→ **Your instructions**
Every line below between the one holding "The Foul - Capítulo 54 - Coven Scan" and the one holding "オーディナリーフィッツ(ORDINARY FITS) 2025年春夏ウィメンズ&メンズコレクション", inclusive, should be copied exactly, and no other line.

→ **Provided data**
◆ ◆ ◆

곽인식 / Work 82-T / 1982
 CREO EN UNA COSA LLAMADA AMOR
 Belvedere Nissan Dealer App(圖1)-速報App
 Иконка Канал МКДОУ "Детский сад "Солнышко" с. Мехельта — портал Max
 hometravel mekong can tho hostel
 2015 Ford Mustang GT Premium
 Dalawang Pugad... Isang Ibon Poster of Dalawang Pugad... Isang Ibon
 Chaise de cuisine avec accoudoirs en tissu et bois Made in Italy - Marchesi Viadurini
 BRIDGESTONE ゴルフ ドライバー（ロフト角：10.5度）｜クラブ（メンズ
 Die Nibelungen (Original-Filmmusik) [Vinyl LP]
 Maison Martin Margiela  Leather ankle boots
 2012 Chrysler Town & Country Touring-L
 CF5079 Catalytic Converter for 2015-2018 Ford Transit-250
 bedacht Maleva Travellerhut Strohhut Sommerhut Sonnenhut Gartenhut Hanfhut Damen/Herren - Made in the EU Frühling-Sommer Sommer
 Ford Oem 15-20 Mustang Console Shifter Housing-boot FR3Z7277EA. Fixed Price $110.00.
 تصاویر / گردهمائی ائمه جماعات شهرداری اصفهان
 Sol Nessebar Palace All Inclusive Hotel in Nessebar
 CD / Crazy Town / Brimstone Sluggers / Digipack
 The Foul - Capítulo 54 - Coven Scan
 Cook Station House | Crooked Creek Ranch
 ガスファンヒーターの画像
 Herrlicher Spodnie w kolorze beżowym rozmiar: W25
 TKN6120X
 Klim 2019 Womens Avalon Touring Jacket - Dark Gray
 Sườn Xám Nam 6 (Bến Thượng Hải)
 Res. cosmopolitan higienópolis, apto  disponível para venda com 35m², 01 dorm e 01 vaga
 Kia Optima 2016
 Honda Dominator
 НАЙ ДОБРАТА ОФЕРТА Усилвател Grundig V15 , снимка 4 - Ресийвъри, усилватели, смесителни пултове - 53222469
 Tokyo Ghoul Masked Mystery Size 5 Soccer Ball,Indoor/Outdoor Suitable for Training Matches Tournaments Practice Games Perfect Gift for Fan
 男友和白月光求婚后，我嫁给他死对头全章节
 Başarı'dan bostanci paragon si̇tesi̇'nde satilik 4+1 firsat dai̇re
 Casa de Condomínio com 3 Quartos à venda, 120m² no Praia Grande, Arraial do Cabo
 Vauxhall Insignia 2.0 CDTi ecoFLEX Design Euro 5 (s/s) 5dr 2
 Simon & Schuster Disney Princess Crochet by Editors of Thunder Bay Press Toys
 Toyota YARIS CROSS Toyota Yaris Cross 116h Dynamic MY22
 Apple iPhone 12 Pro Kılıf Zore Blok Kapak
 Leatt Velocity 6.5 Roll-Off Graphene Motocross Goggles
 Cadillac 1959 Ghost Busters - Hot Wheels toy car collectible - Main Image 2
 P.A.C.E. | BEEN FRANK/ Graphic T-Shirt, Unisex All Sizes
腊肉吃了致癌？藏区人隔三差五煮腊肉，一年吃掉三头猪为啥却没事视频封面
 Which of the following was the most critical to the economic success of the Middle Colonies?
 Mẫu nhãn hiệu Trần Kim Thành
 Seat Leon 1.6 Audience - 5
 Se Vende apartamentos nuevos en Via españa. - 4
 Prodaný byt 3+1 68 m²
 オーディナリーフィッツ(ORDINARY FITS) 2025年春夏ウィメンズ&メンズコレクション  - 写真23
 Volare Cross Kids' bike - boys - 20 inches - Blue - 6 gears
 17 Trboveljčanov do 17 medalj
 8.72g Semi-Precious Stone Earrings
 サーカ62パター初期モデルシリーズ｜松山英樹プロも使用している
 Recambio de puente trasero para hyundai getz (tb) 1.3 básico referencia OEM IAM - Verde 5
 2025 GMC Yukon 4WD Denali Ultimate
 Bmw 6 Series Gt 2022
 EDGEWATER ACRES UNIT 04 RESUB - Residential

◆ ◆ ◆

→ **Task output**
 The Foul - Capítulo 54 - Coven Scan
 Cook Station House | Crooked Creek Ranch
 ガスファンヒーターの画像
 Herrlicher Spodnie w kolorze beżowym rozmiar: W25
 TKN6120X
 Klim 2019 Womens Avalon Touring Jacket - Dark Gray
 Sườn Xám Nam 6 (Bến Thượng Hải)
 Res. cosmopolitan higienópolis, apto  disponível para venda com 35m², 01 dorm e 01 vaga
 Kia Optima 2016
 Honda Dominator
 НАЙ ДОБРАТА ОФЕРТА Усилвател Grundig V15 , снимка 4 - Ресийвъри, усилватели, смесителни пултове - 53222469
 Tokyo Ghoul Masked Mystery Size 5 Soccer Ball,Indoor/Outdoor Suitable for Training Matches Tournaments Practice Games Perfect Gift for Fan
 男友和白月光求婚后，我嫁给他死对头全章节
 Başarı'dan bostanci paragon si̇tesi̇'nde satilik 4+1 firsat dai̇re
 Casa de Condomínio com 3 Quartos à venda, 120m² no Praia Grande, Arraial do Cabo
 Vauxhall Insignia 2.0 CDTi ecoFLEX Design Euro 5 (s/s) 5dr 2
 Simon & Schuster Disney Princess Crochet by Editors of Thunder Bay Press Toys
 Toyota YARIS CROSS Toyota Yaris Cross 116h Dynamic MY22
 Apple iPhone 12 Pro Kılıf Zore Blok Kapak
 Leatt Velocity 6.5 Roll-Off Graphene Motocross Goggles
 Cadillac 1959 Ghost Busters - Hot Wheels toy car collectible - Main Image 2
 P.A.C.E. | BEEN FRANK/ Graphic T-Shirt, Unisex All Sizes
腊肉吃了致癌？藏区人隔三差五煮腊肉，一年吃掉三头猪为啥却没事视频封面
 Which of the following was the most critical to the economic success of the Middle Colonies?
 Mẫu nhãn hiệu Trần Kim Thành
 Seat Leon 1.6 Audience - 5
 Se Vende apartamentos nuevos en Via españa. - 4
 Prodaný byt 3+1 68 m²
 オーディナリーフィッツ(ORDINARY FITS) 2025年春夏ウィメンズ&メンズコレクション  - 写真23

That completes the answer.